Hadoop so far is weathering this approach, as it supports many of the engines that people want to use, although neither Spark, Flink, Presto, nor Tensorflow are tied to Hadoop. “There’s still growth,” Thusoo says of Hadoop. “It’s not like it’s not growing. But no single engine can solve all the analytics issues. And I feel that’s being reflected in what is happening in Hadoop as well, that they cannot solve every use case.”
The big winners out of this could be the cloud vendors.
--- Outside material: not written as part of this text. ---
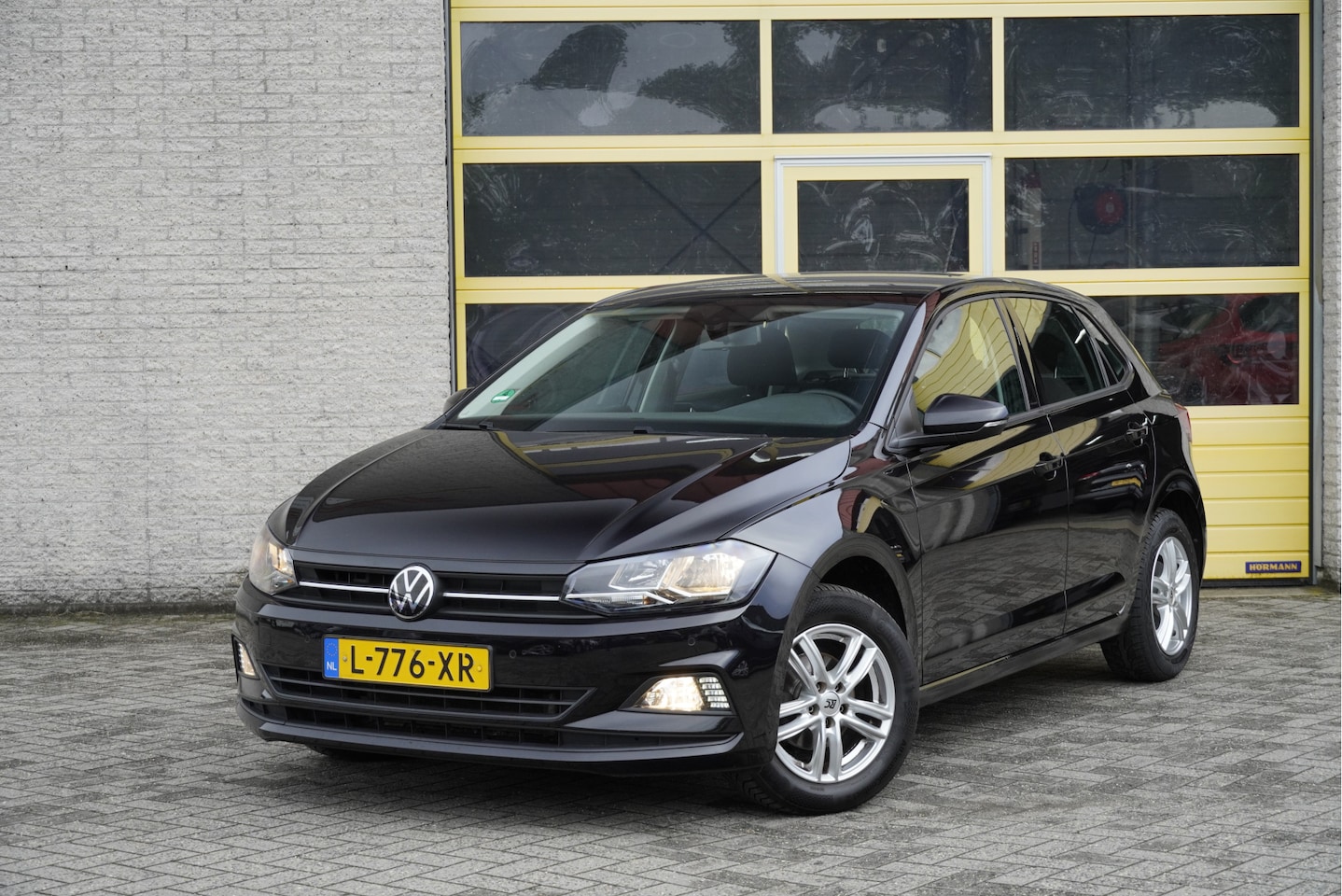 Volkswagen Polo - 1.0 TSI 5drs Comfortline Business BJ2021 Lmv 15" | Led | Pdc | Achteruitrijcamera | App-Co - AutoWereld.nl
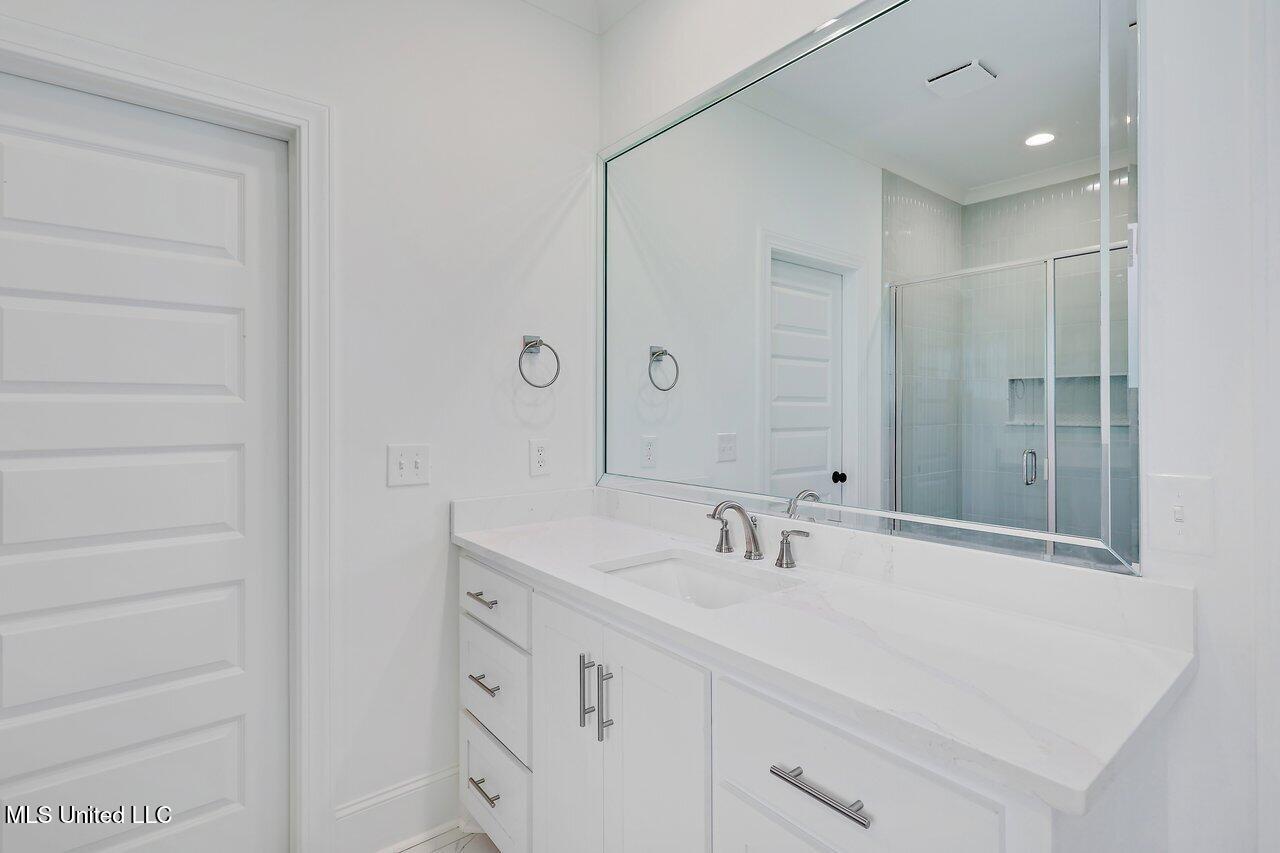 116 Trace Pointe Place Clinton, MS 39056 - Photo 18 of 32 116 Trace Pointe Place 21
According to Qubole’s survey, 73% of survey-takers are using the cloud, up from 58% in 2017. There are several reasons for the growth of clouds for big data workloads.
“Because of the complexity involved, a turnkey solution in the cloud, or a cloud service, helps to hide or abstract away the complexity form users and that also helps for big data,” Thusoo says. “The machine learning, AI, and advanced analytics workloads have certain needs from infrastructure, certain peculiar properties, and those properties are best met by cloud platforms.”
We’re still in the midst of hashing out reference architectures for machine learning, AI, and advanced analytics workloads, but it’s a good bet that those architectures will look more complex than BI and DW architectures of the past. If there are customers to be won and dollars to be made, then you can bet that companies will do it, complexity be damned.
“The data complexity is the same, but the technology complexity as well as the analytic complexity have both increased,” Thusoo says, “and I think that makes this an even harder problem than it was previously.”